▶ _Information provided_
[Start of section]

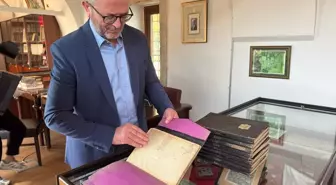 İsmail Hakkı Bursevi'nin 300. Vefat Yılı Sergisi Açıldı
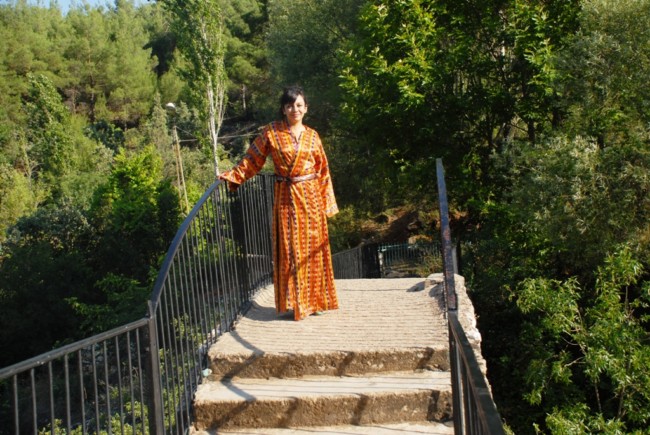 Yerel Kıyafetlerimizden Bir Örnek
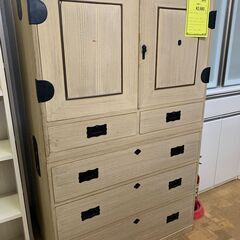 【FU2189】★桐タンス タンス シンプル 家具 クリーニング...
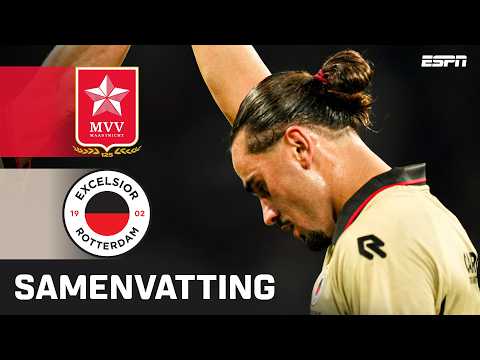 Resumen del partido Maastricht - Excelsior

[End of section]

▶ _Requirement_
The listing is to be repeated exactly, with its pictures removed.

▶ _Solution for this exercise_
 İsmail Hakkı Bursevi'nin 300. Vefat Yılı Sergisi Açıldı
 Yerel Kıyafetlerimizden Bir Örnek
 【FU2189】★桐タンス タンス シンプル 家具 クリーニング...
 Resumen del partido Maastricht - Excelsior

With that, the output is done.